10月最終日(日本時間11月1日)の米国株市場は、全体として小動きの展開でした。

ダウ:+0.09%/S&P 500:+0.26%

引けにかけては売りが入り、方向感の乏しい相場となりました。ただし、注目すべきはFRB内部の意見対立と不吉なテクニカルシグナルの再点灯です。

FRB内部で利下げを巡り異論が顕在化

現在、市場は「年内利下げ」を期待するムードが強い一方で、FRB高官からは慎重論が相次いでいます。

氏名 / 連銀 主張の要点
ローガン(ダラス) 物価は目標の2%に程遠い → 利下げは時期尚早
ハマック 早すぎる利下げはインフレ再燃に繋がる → 金利据え置き支持
ボスティック(アトランタ) 利下げは支持するが、非常にゆっくり進めるべきと発言
シュミット(カンザスシティ) 今回の0.25%利下げに反対票。

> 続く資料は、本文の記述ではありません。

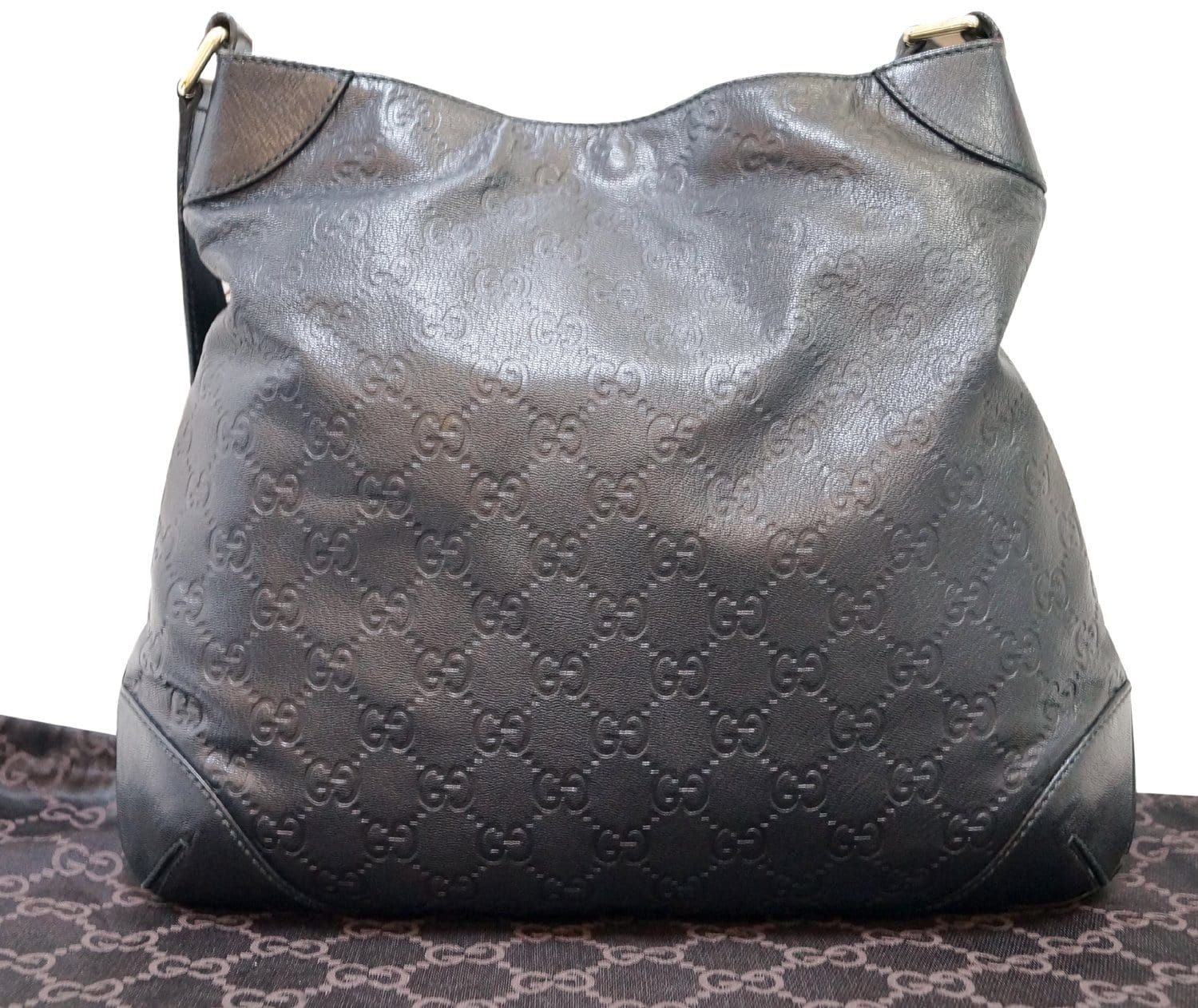 Gucci ssima Shoulder Bag Leather Black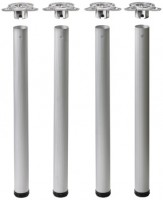 HETTICH 70146 Efui pieds table 710/60 mm rainuré alu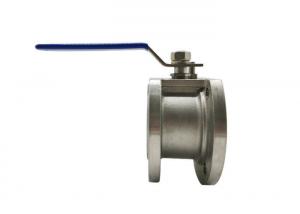 Wholesale PN16 Wafer Flanged Ball Valve , DIN Flanged End Ball Valve from china suppliers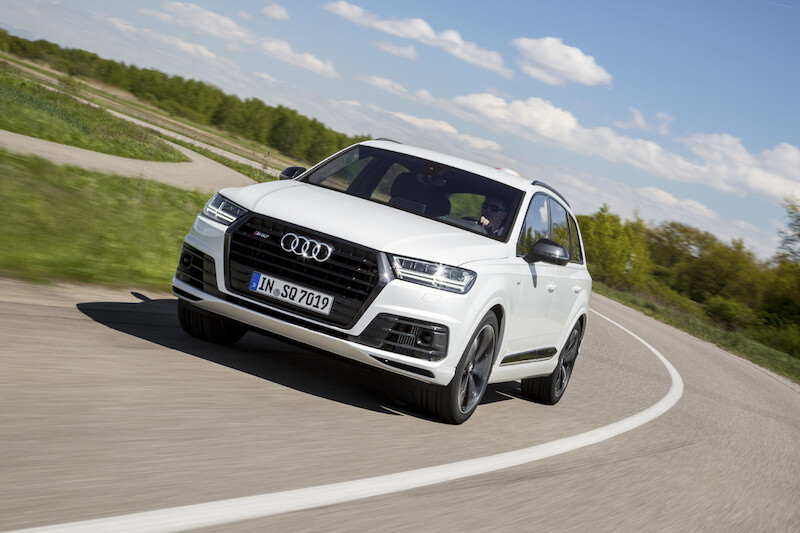 Audi SQ7 - biały Tofana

インフレが依然大きな脅威と指摘

→ 市場の期待する「早め・大きな利下げ」へのハードルは依然高い状況です。

また、FRBは金融監督部門の人員を500人 → 350人へ削減する方針が報じられており、これは銀行セクターにとっては監督負担が軽くなる可能性からプラス材料とみられます。

個別企業の決算:鮮明な明暗

上昇した銘柄

企業 株価反応 ポイント
Amazon +10.7% AWSが+20%成長、全体として強い決算
Tesla +2.9% 消費関連株として買われる
Chevron +3% Hess買収による増産期待が評価
Twilio +19% 決算良好&ガイダンス引き上げ
Western Digital +8% AI向けストレージ需要が追い風、増配も発表

伸び悩んだ銘柄

企業 株価反応 理由
Apple +0.1% 中国含むiPhone売上が弱く反応限定的
Exxon Mobil 変わらず 増産進展が鈍い
Meta -2.4% 続落基調
DexCom -14% 決算良好でも売られる(過熱整理)
SPS Commerce -20% 決算ミス・ガイダンス弱い

→ 「強い企業は強く、弱い企業は明確に売られる」二極化が継続しています。

来週は Palantir と AMD の決算が焦点。

市場警戒指標:ヒンデンブルグ・オーメンが3回目点灯

複数の値幅・新高値/安値バランスの歪みを示す “Hindenburg Omen” が、3回連続で点灯。

→ 市場が短期的な調整局面に入りやすいシグナルとして注視されています。

金利・為替

指標 水準 コメント
米10年債 4.09% 横ばい推移
米30年債 4.66% 同様に高止まり
ドル円 150.10円 やや円高だが、対新興通貨では円安継続

→ 金利は下がりにくいというFRB発言と整合する動き。

まとめと今後の注目点

  • FRB内部で利下げに慎重姿勢が明確化
  • 好決算でも銘柄ごとに反応差が大きい相場
  • 市場は不安と期待で方向感が出にくい状態

来週の注目

  • Palantir
  • AMD

→ センチメントを左右する可能性。現時点では、大きくポジションを傾けず、動向を見極める局面といえます。